■ **PROVIDED DATA**:
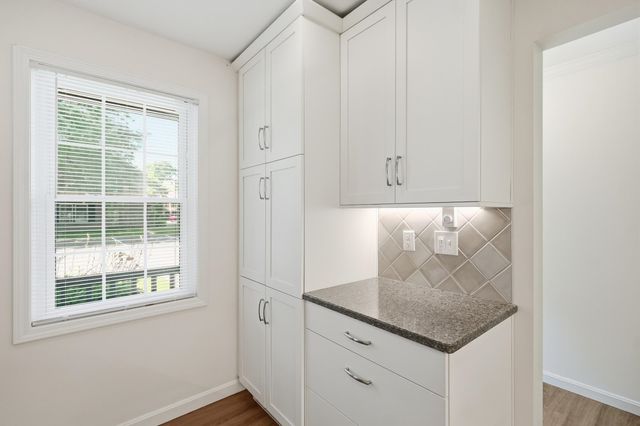81 Hayes Avenue, South Burlington, VT 05403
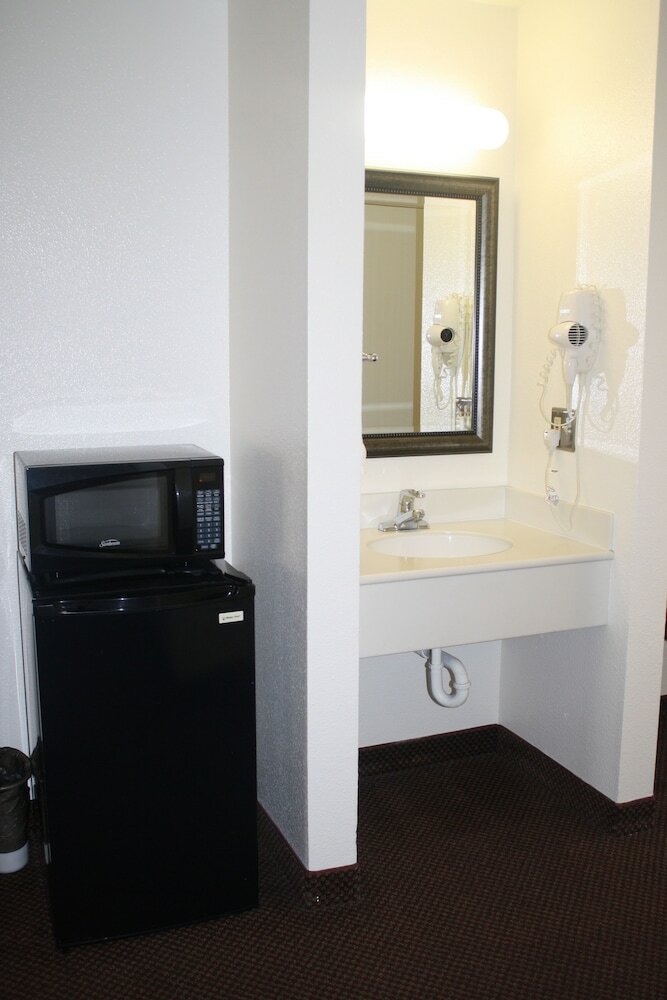 Motel Airport Inn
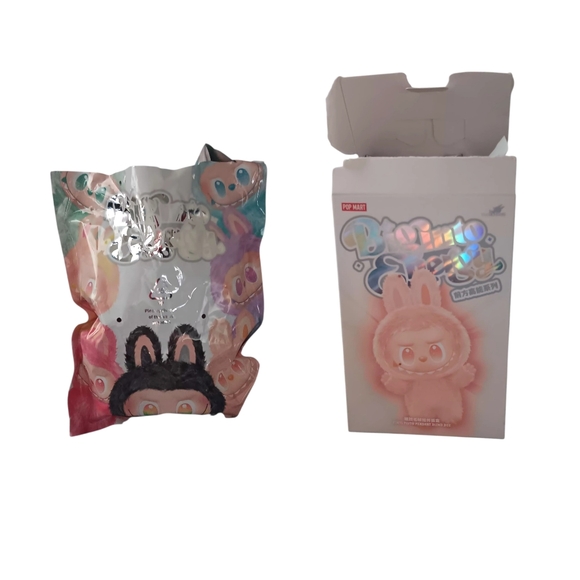 Labubu- The Monsters Sisi - Picture 3 of 8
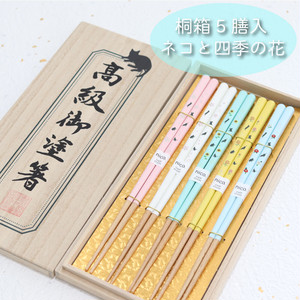 桐箱5膳入 ネコと四季の花 桐箱5膳入 ネコと四季の花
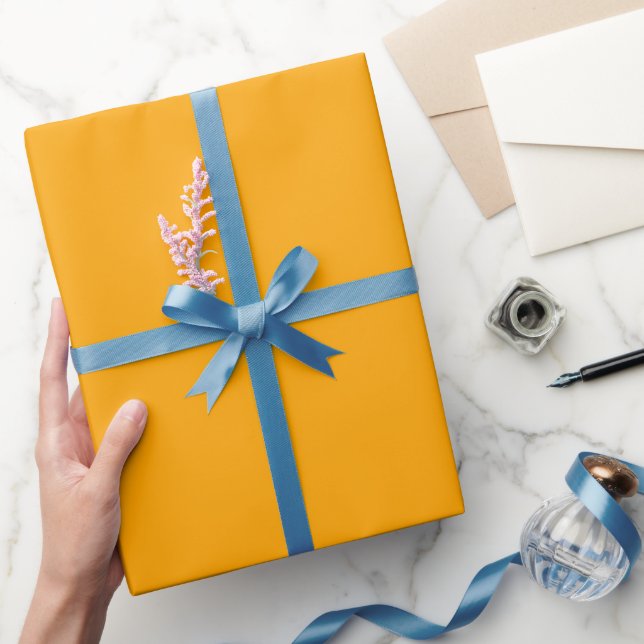 Schlichter orangefarbener Farbton Geschenkpapier (Schenken)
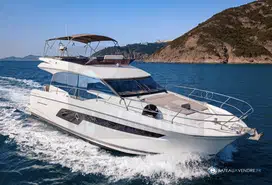 Prestige Yachts  520 Fly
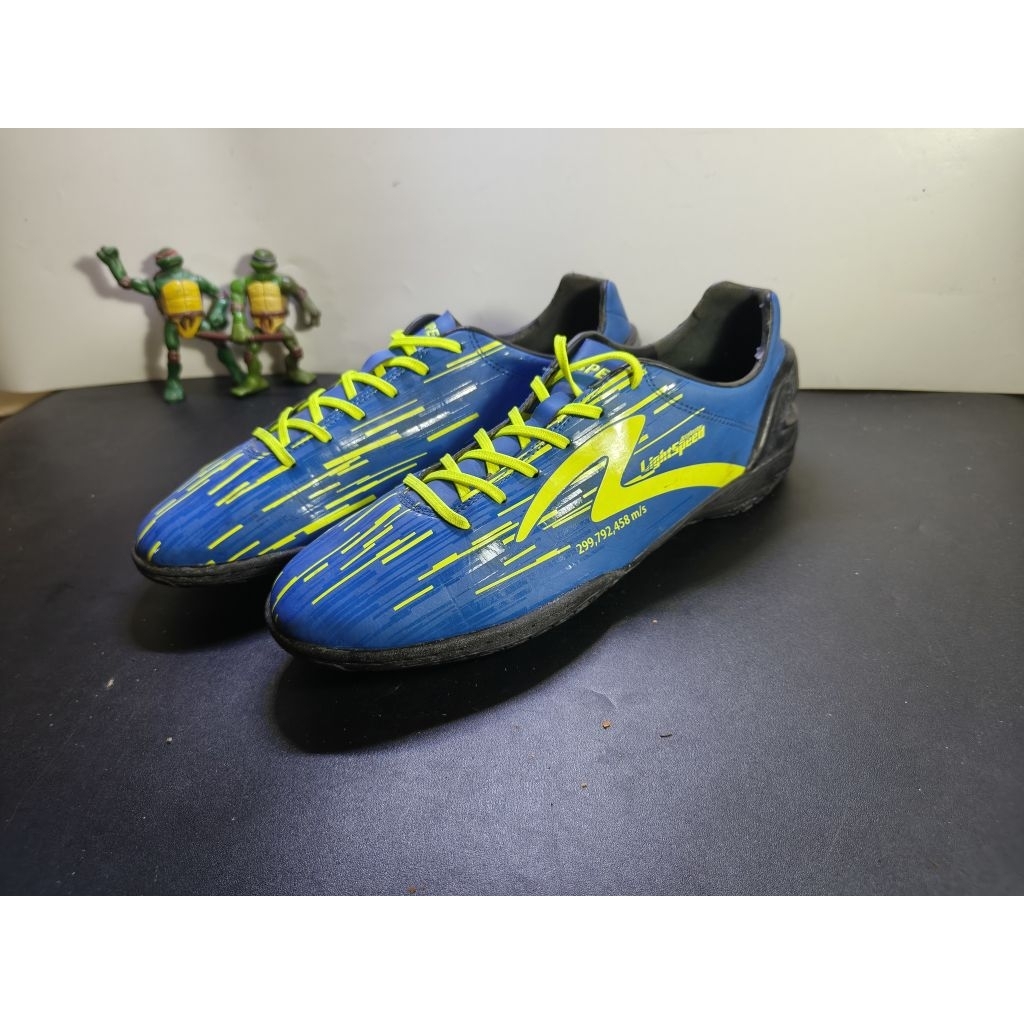 sepatu futsal specs lightspeed biru second size 44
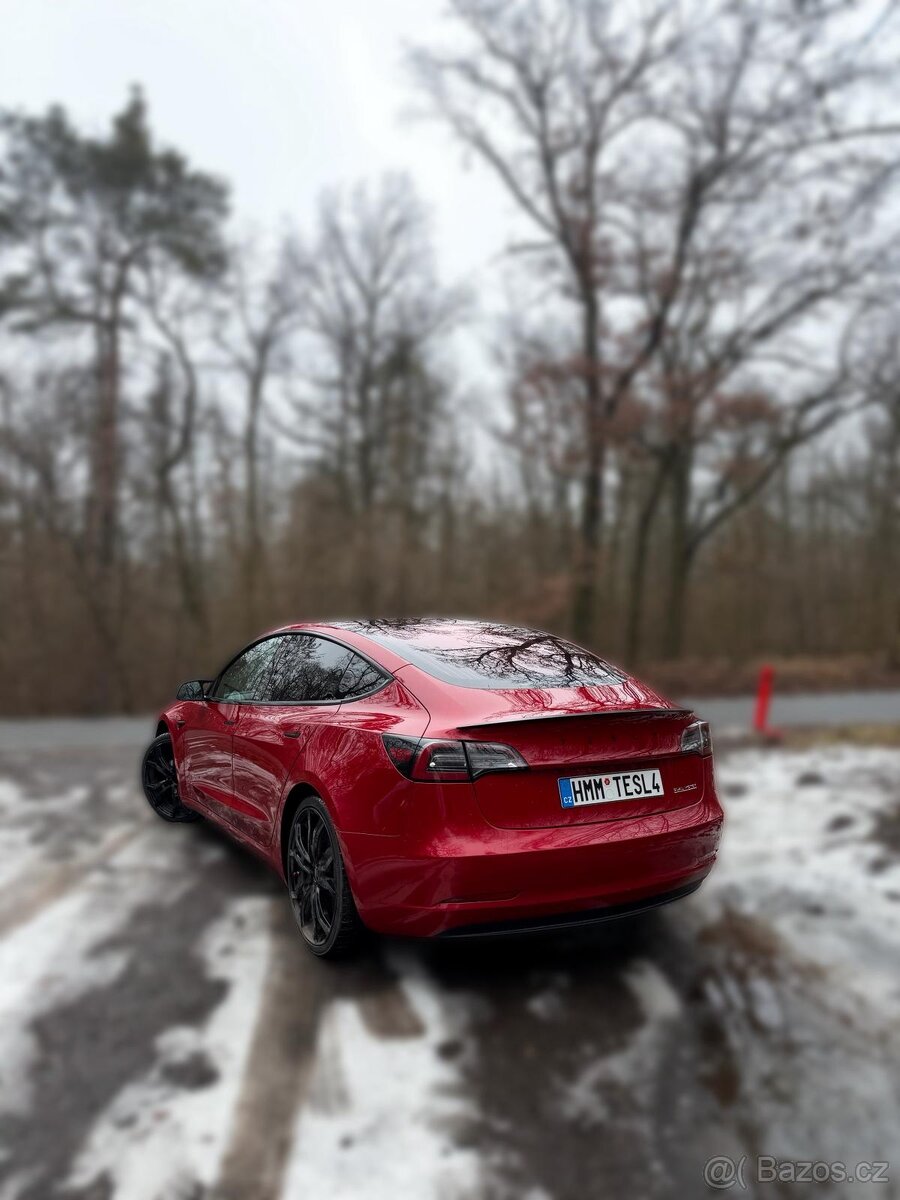 Tesla model 3 2019 PERFORMANCE - 2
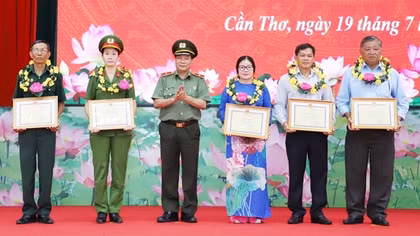 Cần Thơ biểu dương điển hình tiên tiến trong phong trào toàn dân bảo vệ an ninh Tổ quốc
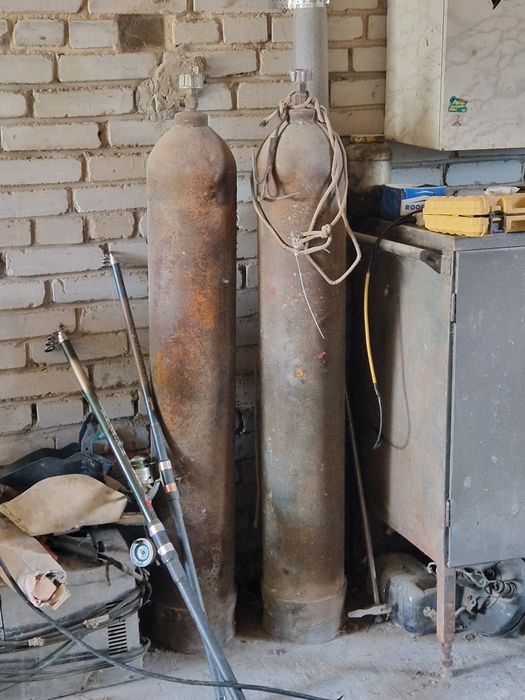 Продам кислородный баллон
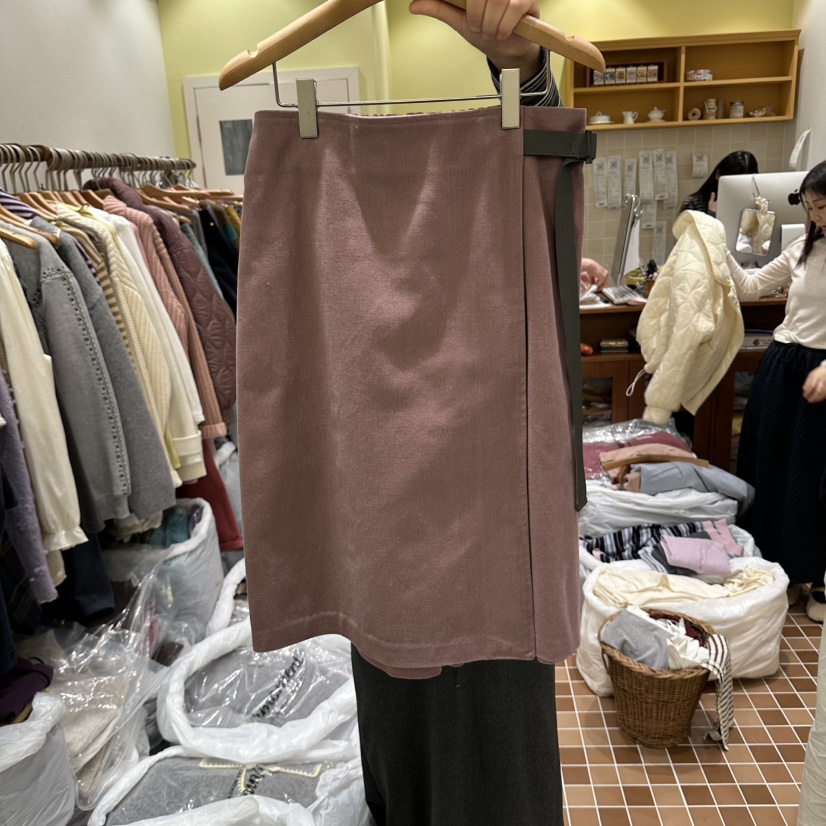 OURMOMENT東大門代購女士新品人氣時尚推薦熱賣職業真品裙褲OURMOMENT裙褲圖色1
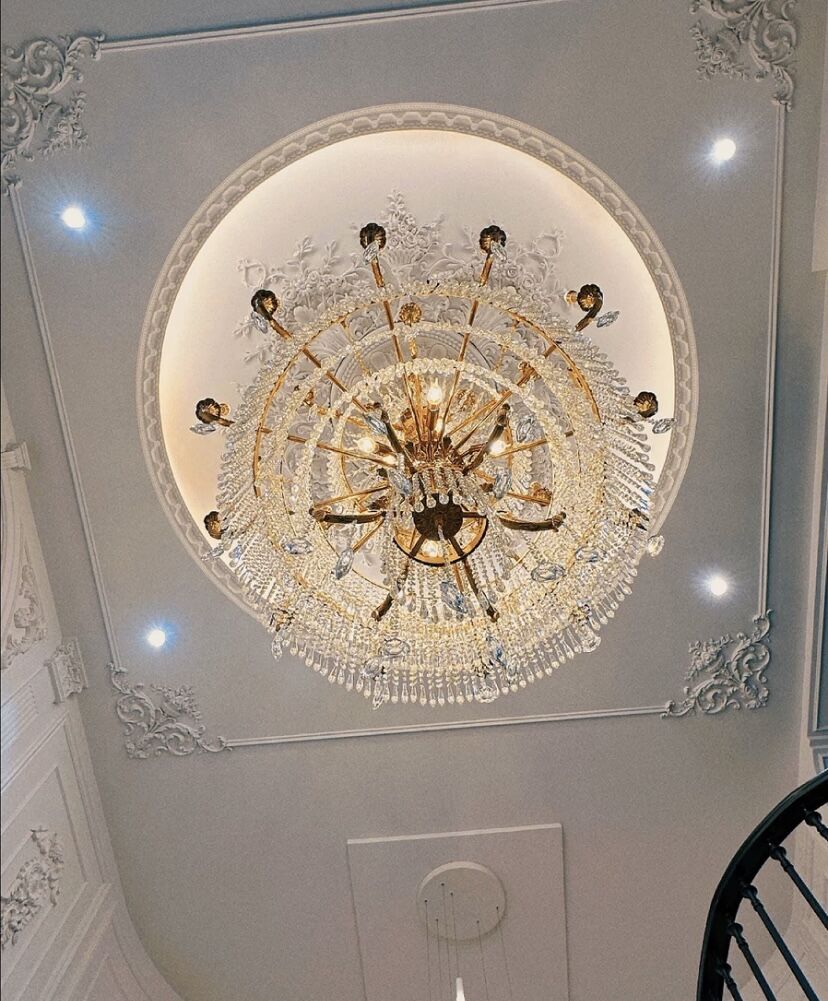 Stunning Oversized Luxury Golden Metal Candle Crystal Tassel Chandelier  For High-ceiling Staircase/Entryway/Living/Meeting Room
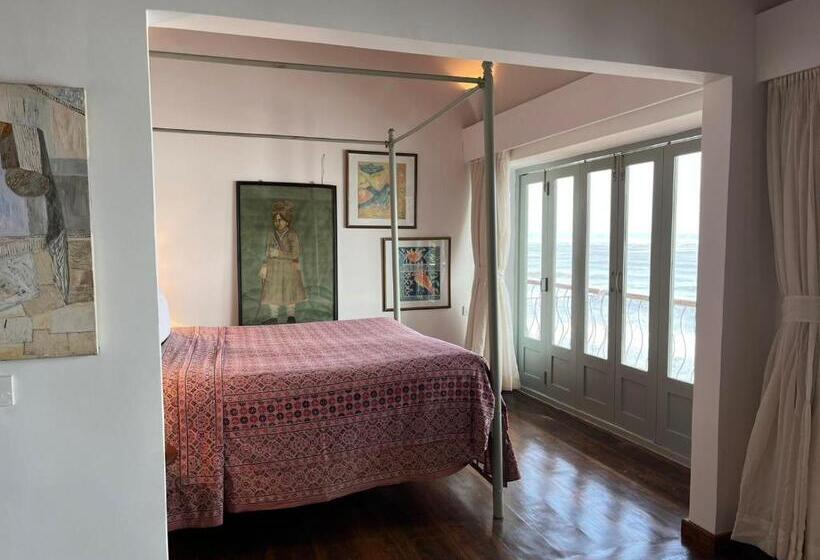 리조트 Ahilya By The Sea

■ **ABOUT THIS EXERCISE**: Print the complete listing exactly as it stands, without its pictures.

■ **COMPLETED EXERCISE**:
81 Hayes Avenue, South Burlington, VT 05403
 Motel Airport Inn
 Labubu- The Monsters Sisi - Picture 3 of 8
 桐箱5膳入 ネコと四季の花 桐箱5膳入 ネコと四季の花
 Schlichter orangefarbener Farbton Geschenkpapier (Schenken)
 Prestige Yachts  520 Fly
 sepatu futsal specs lightspeed biru second size 44
 Tesla model 3 2019 PERFORMANCE - 2
 Cần Thơ biểu dương điển hình tiên tiến trong phong trào toàn dân bảo vệ an ninh Tổ quốc
 Продам кислородный баллон
 OURMOMENT東大門代購女士新品人氣時尚推薦熱賣職業真品裙褲OURMOMENT裙褲圖色1
 Stunning Oversized Luxury Golden Metal Candle Crystal Tassel Chandelier  For High-ceiling Staircase/Entryway/Living/Meeting Room
 리조트 Ahilya By The Sea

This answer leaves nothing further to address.